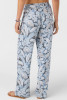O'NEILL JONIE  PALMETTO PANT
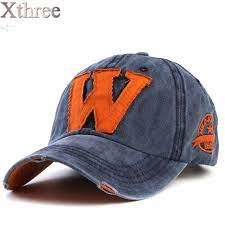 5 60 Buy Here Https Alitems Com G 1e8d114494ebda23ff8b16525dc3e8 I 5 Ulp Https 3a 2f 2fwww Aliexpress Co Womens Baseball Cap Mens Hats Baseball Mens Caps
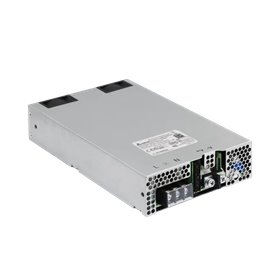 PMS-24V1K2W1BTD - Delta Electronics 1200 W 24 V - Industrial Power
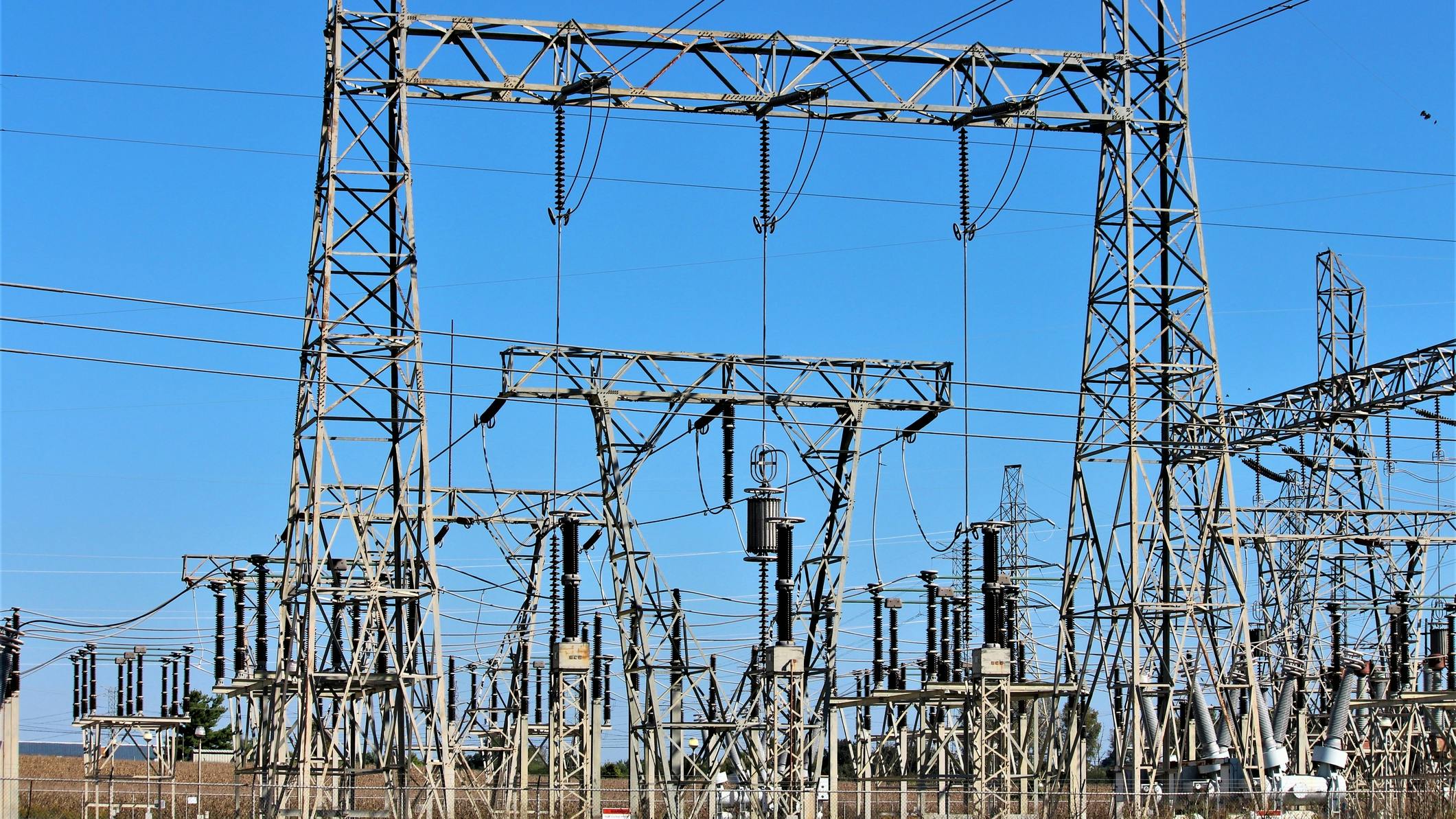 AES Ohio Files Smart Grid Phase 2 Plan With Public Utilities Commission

----------

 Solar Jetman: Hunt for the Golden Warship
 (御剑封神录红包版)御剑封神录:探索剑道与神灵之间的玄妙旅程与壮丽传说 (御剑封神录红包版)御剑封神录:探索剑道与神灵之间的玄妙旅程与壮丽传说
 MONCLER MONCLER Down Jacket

----------

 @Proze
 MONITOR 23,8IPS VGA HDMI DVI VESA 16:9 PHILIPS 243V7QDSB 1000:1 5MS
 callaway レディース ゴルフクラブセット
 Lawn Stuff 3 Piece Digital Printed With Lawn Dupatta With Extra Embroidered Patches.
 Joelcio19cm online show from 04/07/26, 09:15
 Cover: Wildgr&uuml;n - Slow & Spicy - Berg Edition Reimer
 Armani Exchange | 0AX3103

----------

### Task directions
When the line with "callaway レディース ゴルフクラブセット" is reached in the data above, start copying there, and copy each line exactly until the line with "Armani Exchange | 0AX3103" has been copied; copy nothing else.

### Solved problem
 callaway レディース ゴルフクラブセット
 Lawn Stuff 3 Piece Digital Printed With Lawn Dupatta With Extra Embroidered Patches.
 Joelcio19cm online show from 04/07/26, 09:15
 Cover: Wildgr&uuml;n - Slow & Spicy - Berg Edition Reimer
 Armani Exchange | 0AX3103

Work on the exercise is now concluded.